+++ The data
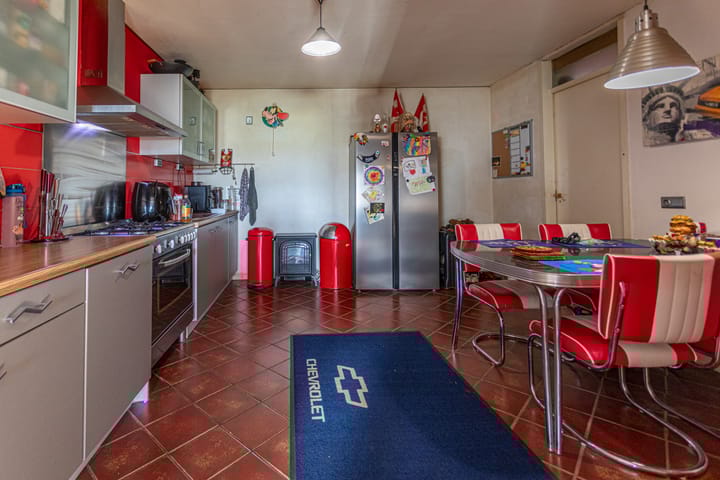 Foto 36 van Provincialeweg West 74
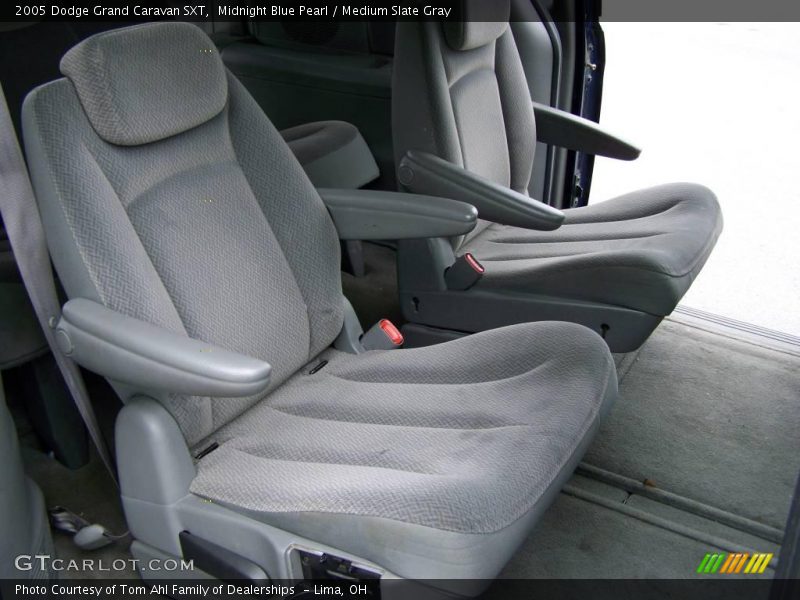 Midnight Blue Pearl / Medium Slate Gray 2005 Dodge Grand Caravan SXT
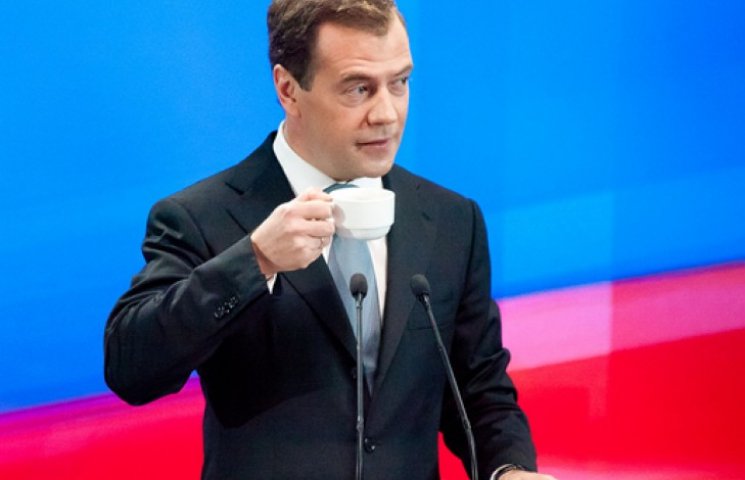 Медведев объявил о возвращении России в…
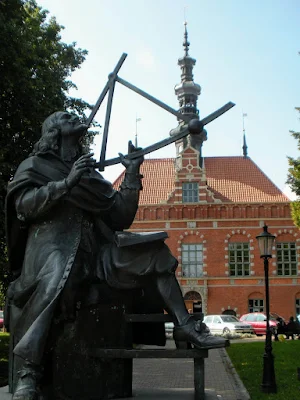 What to see in Tricity Poland: statue of Johannes Hevelius in Gdansk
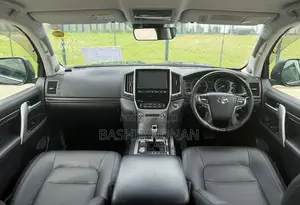 Toyota Land Cruiser 4.6 V8 AX 2017 Black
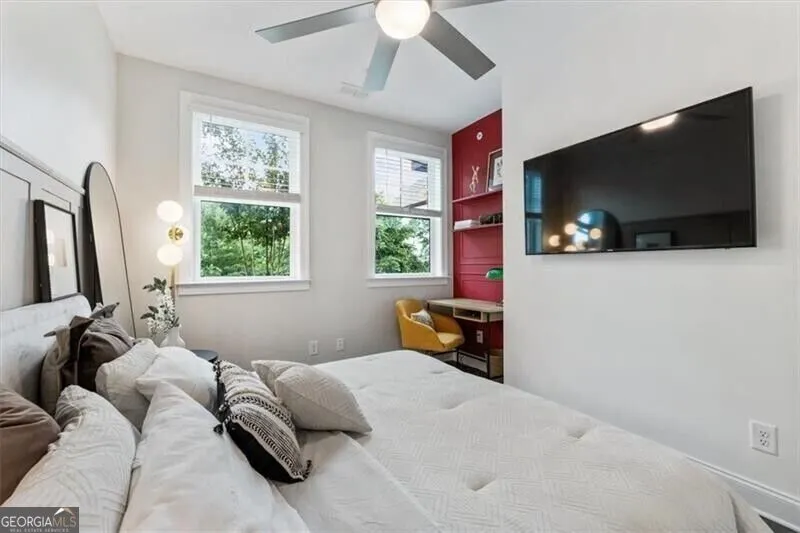 6579 Beacon DR Atlanta, GA 30328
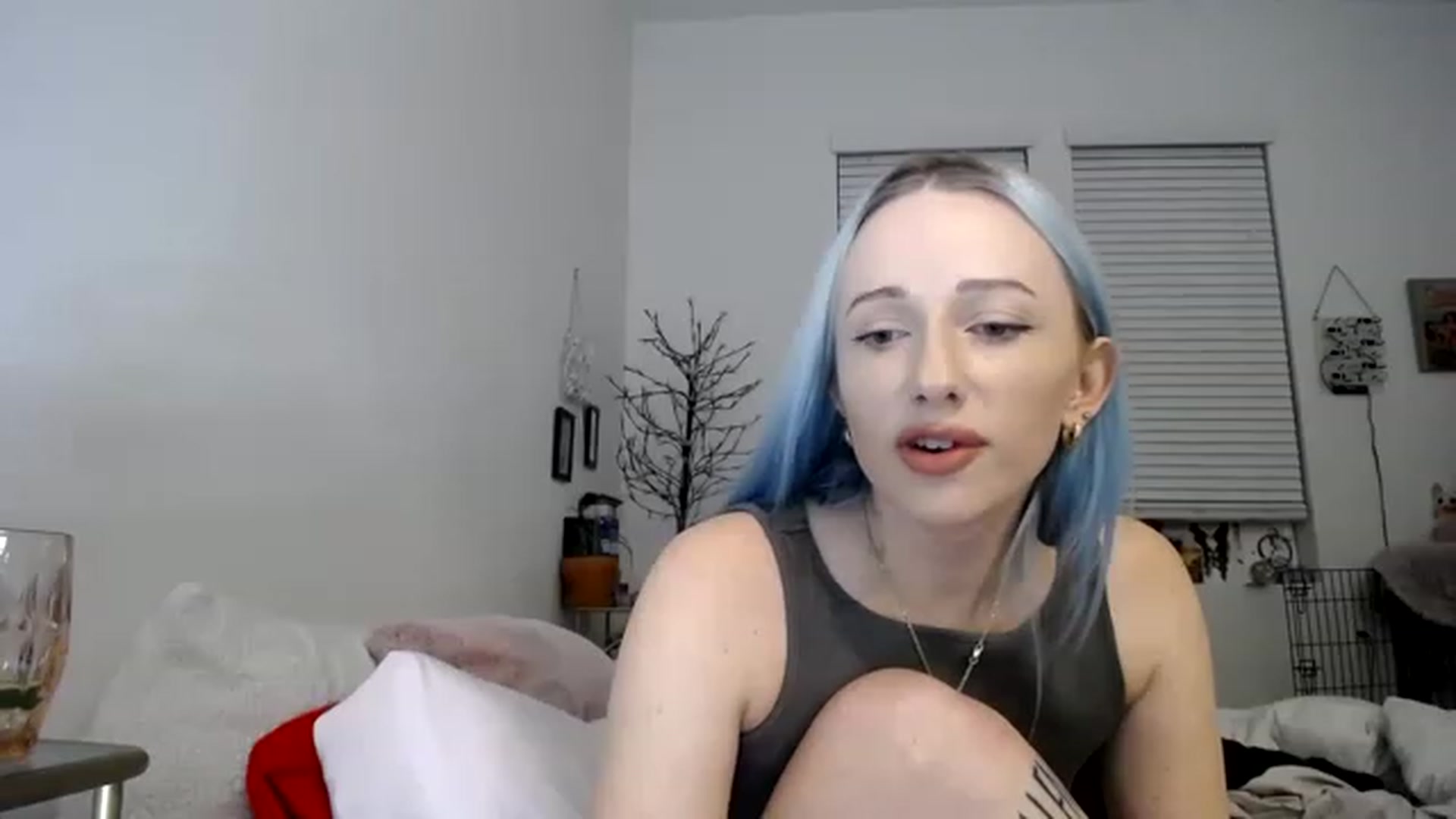 Gallery image thumbnail from lilbaby's myfreecams stream on, 11/17/2022, 02:48 image 20 of 20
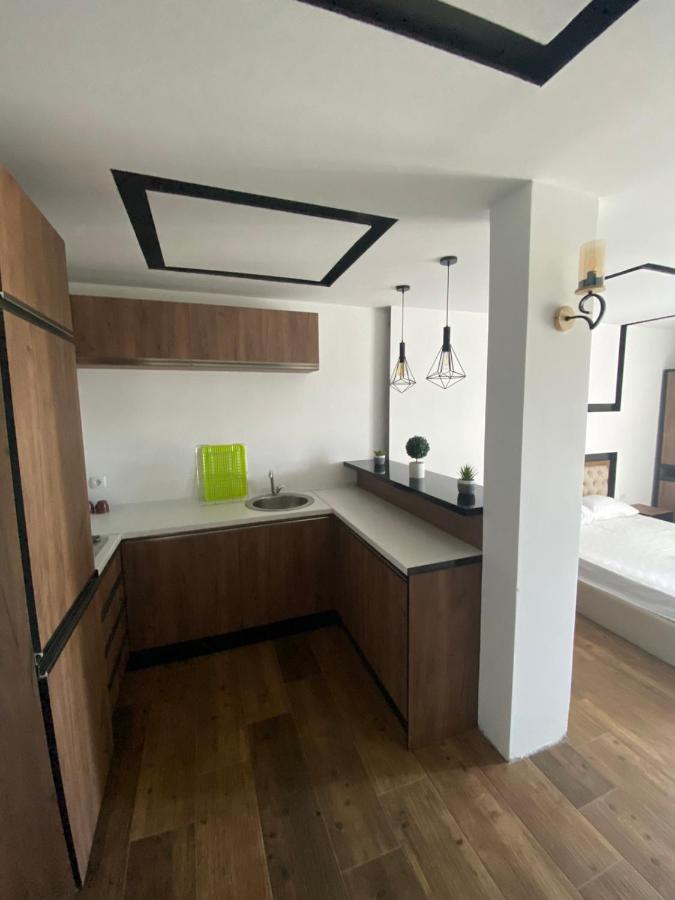 Apartments Stanaj Улцинь Экстерьер фото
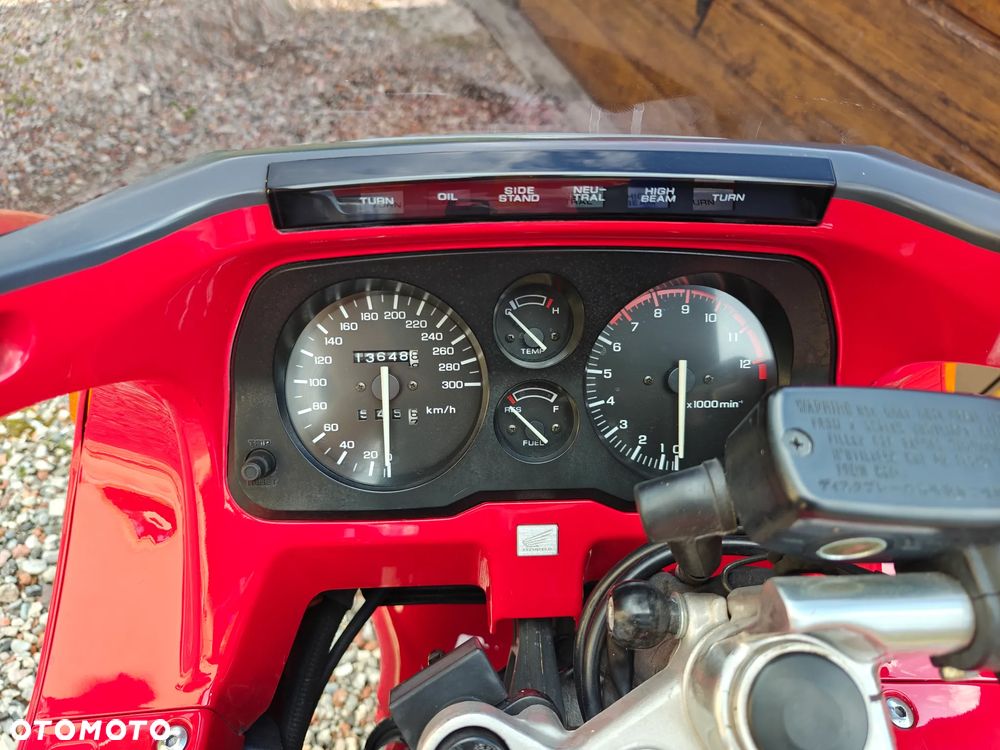 Honda CBR - 7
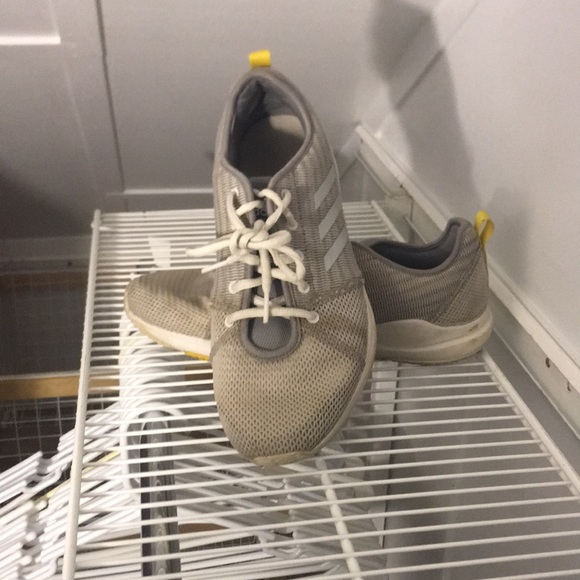 Adidas Lifestyle Shoe - Picture 4 of 4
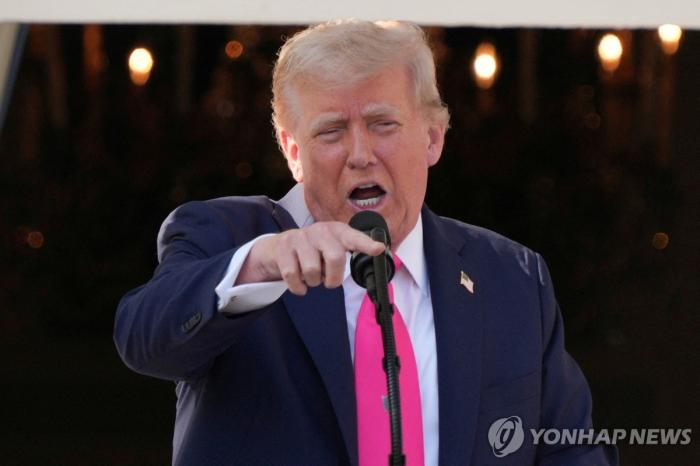 트럼프, 대이란 군사 압박 다시 고조 기사 이미지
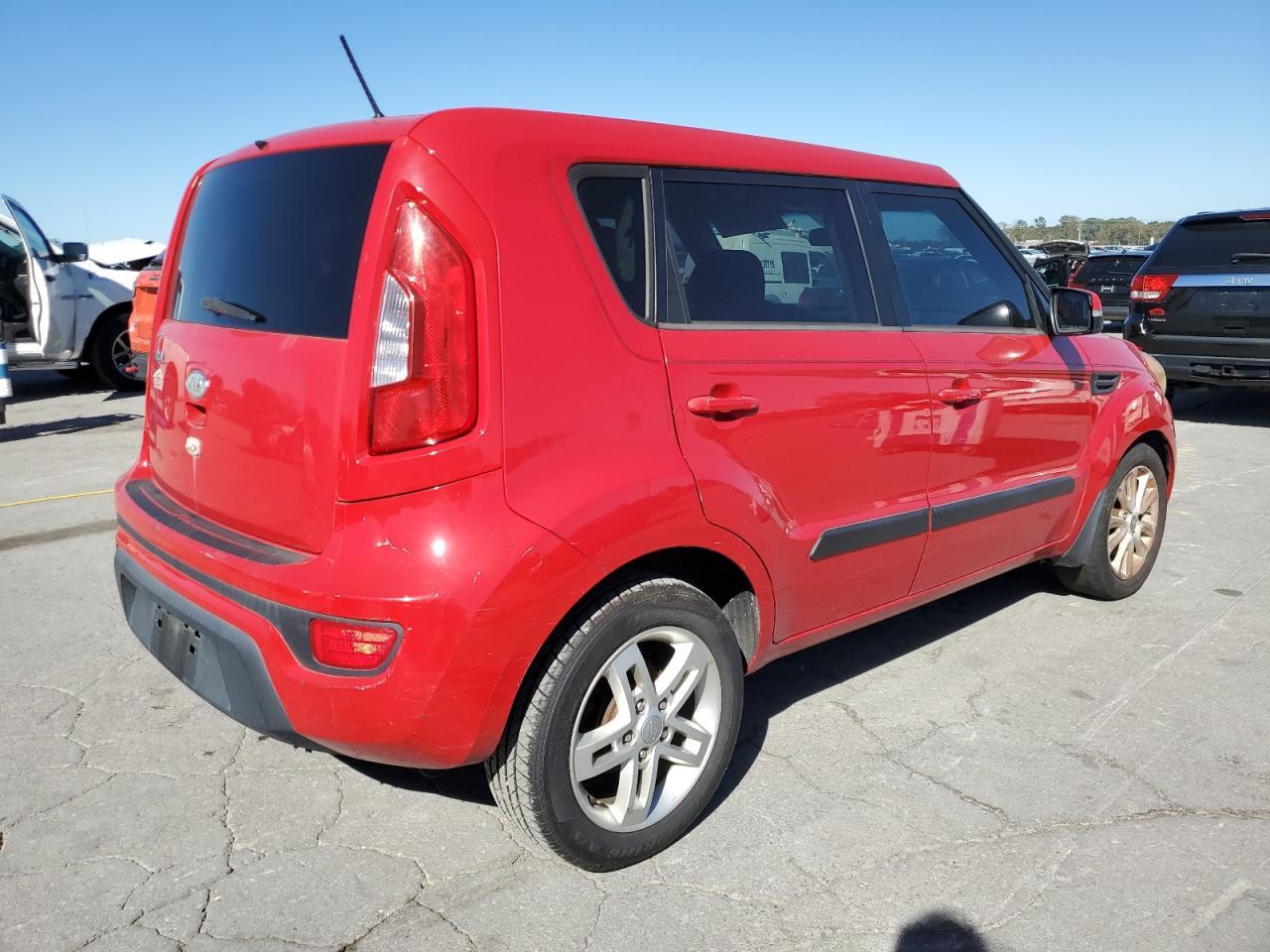 2012 Kia Soul + - Image 3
++++++
Goal of the exercise — The pictures alone are to be left out when the data above is copied; all else must match exactly.

Response —
 Foto 36 van Provincialeweg West 74
 Midnight Blue Pearl / Medium Slate Gray 2005 Dodge Grand Caravan SXT
 Медведев объявил о возвращении России в…
 What to see in Tricity Poland: statue of Johannes Hevelius in Gdansk
 Toyota Land Cruiser 4.6 V8 AX 2017 Black
 6579 Beacon DR Atlanta, GA 30328
 Gallery image thumbnail from lilbaby's myfreecams stream on, 11/17/2022, 02:48 image 20 of 20
 Apartments Stanaj Улцинь Экстерьер фото
 Honda CBR - 7
 Adidas Lifestyle Shoe - Picture 4 of 4
 트럼프, 대이란 군사 압박 다시 고조 기사 이미지
 2012 Kia Soul + - Image 3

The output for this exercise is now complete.